== Given information ==

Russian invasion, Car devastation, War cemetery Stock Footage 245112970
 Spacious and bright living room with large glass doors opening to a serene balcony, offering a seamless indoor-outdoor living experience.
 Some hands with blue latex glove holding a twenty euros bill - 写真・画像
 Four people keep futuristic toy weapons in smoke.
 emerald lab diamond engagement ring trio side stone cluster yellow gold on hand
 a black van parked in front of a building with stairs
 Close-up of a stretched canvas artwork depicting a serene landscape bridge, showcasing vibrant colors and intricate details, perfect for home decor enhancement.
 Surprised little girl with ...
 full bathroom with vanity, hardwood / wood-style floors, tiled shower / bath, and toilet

===

** Assigned task **
Copy, from the lines above, each one that holds "with".

** Answer space **
 Spacious and bright living room with large glass doors opening to a serene balcony, offering a seamless indoor-outdoor living experience.
 Some hands with blue latex glove holding a twenty euros bill - 写真・画像
 a black van parked in front of a building with stairs
 Surprised little girl with ...
 full bathroom with vanity, hardwood / wood-style floors, tiled shower / bath, and toilet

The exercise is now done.